Based on dicta in People v. Olague (2012) 205 Cal.App.4th 1126 (Olague ) (petn. for review pending, petn. filed June 14, 2012) and defendant's claim of ambiguity in subdivision (h) of section 4019, we asked the parties to brief the issue whether defendant nonetheless is entitled to enhanced conduct credits for the period between October 1, 2011, and October 13, 2011, the date he was sentenced. We now conclude he is not.
In Olague, which antedated Brown, the Court of Appeal considered a claim that the October 1, 2011, amendments to section 4019 and related statutes allowed the defendant to earn presentence credits at a rate from which he previously had been disqualified because he had sustained a prior serious felony conviction. In addressing the defendant's equal protection argument, the Olague court stated:
“Defendant describes the two affected classes here as ‘those prison inmates who committed serious felonies who will receive additional conduct credits since they committed their crimes after October 1, 2011[,] and ․ those ․ inmates who committed serious felonies who will not receive additional conduct credits since they committed their crimes prior to October 1, 2011.’ Although the point may not be crucial to this appeal, we do not believe this accurately describes the effect of the statute as properly construed.

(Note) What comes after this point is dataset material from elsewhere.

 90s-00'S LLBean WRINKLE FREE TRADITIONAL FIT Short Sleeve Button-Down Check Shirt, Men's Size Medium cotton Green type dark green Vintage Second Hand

It is true that after declaring itself to operate ‘prospectively,’ the October 2011 amendment declares that it will apply ‘to prisoners who are confined ․ for a crime committed on or after October 1, 2011.’ (§ 4019, subd. (h).) Standing alone this would indeed suggest a classification based upon the date of the offense. In the next sentence, however, the Legislature declared, ‘Any days earned by a prisoner prior to October 1, 2011, shall be calculated at the rate required by the prior law.’ (§ 4019, subd. (h).) Of course it would have been impossible to earn days in presentence confinement on an offense which had not yet been committed. This sentence is therefore meaningless unless the liberalized credit scheme applies to crimes committed before the stated date. While the statute may thus seem somewhat self-contradictory, the contradiction is only implied. The ambiguity is best resolved by giving effect to both sentences and concluding that the liberalized scheme applies both to prisoners confined for crimes committed after October 1, 2011, and to prisoners confined after that date for earlier crimes. In this view, the correct classification is between prisoners earning credit for presentence confinement prior to that date and prisoners earning such credit after that date.” (Olague, supra, 205 Cal.App.4th at pp. 1131–1132.)

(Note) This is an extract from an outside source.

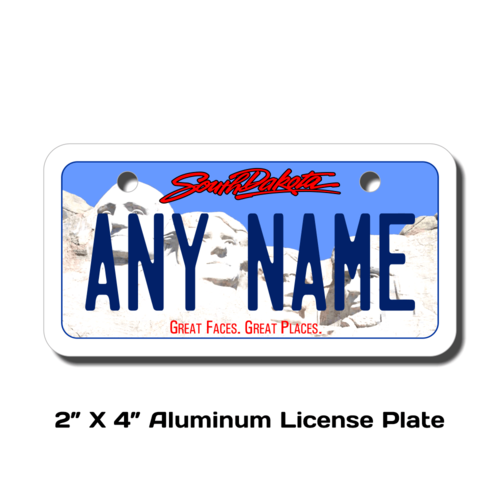 Personalized South Dakota 2 X 4 License Plate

We respectfully disagree. In our view, the Legislature's clear intent was to have the enhanced rate apply only to those defendants who committed their crimes on or after October 1, 2011. (See People v. Lara, supra, 2012 Cal. Lexis at pp. *17–*18, fn. 9.) The second sentence does not extend the enhanced rate to any other group, but merely specifies the rate at which all others are to earn conduct credits. So read, the sentence is not meaningless, especially in light of the fact the October 1, 2011, amendment to section 4019, although part of the so-called realignment legislation, applies based on the date a defendant's crime is committed, whereas section 1170, subdivision (h), which sets out the basic sentencing scheme under realignment, applies based on the date a defendant is sentenced.
The judgment is affirmed.
FN1. The facts of the offenses are not pertinent to this appeal.. FN1. The facts of the offenses are not pertinent to this appeal.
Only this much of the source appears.